▸ **Goal of the exercise**:
Please restate verbatim the lines that open the listing below, ending with the line in which "Black Floral Comforter" occurs.

▸ **Entries supplied**:
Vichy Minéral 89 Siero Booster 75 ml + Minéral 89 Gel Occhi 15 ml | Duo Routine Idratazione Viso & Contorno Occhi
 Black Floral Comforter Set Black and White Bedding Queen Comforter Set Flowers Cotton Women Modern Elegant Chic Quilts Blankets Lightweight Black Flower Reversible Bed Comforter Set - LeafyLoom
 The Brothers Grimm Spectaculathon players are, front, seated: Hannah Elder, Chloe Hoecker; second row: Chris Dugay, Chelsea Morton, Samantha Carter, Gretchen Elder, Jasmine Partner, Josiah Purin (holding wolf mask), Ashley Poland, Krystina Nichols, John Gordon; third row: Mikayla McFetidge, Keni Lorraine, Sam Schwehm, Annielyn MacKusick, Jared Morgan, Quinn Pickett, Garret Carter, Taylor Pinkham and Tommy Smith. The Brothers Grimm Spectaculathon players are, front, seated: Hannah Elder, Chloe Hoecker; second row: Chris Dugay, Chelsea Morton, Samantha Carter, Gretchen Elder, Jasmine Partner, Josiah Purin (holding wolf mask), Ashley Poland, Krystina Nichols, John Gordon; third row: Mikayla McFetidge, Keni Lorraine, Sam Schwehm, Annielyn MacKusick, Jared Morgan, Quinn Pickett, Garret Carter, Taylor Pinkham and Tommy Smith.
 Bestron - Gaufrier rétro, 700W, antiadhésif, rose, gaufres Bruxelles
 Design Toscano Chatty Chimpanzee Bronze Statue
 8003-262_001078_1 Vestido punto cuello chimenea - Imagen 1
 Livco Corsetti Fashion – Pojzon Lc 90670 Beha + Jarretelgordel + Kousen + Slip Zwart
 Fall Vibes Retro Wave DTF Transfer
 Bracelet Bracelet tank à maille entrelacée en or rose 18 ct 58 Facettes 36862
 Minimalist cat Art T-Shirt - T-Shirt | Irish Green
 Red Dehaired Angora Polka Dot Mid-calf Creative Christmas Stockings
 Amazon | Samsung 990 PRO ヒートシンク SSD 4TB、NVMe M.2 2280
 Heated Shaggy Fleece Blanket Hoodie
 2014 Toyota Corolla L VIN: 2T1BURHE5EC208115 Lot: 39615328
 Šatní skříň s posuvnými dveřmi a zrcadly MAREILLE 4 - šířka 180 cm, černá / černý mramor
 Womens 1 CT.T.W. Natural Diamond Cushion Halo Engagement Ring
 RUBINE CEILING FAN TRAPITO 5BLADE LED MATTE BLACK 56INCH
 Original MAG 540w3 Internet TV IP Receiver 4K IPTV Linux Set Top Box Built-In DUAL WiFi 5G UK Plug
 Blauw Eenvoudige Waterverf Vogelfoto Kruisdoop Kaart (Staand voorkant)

▸ **Task response**:
Vichy Minéral 89 Siero Booster 75 ml + Minéral 89 Gel Occhi 15 ml | Duo Routine Idratazione Viso & Contorno Occhi
 Black Floral Comforter Set Black and White Bedding Queen Comforter Set Flowers Cotton Women Modern Elegant Chic Quilts Blankets Lightweight Black Flower Reversible Bed Comforter Set - LeafyLoom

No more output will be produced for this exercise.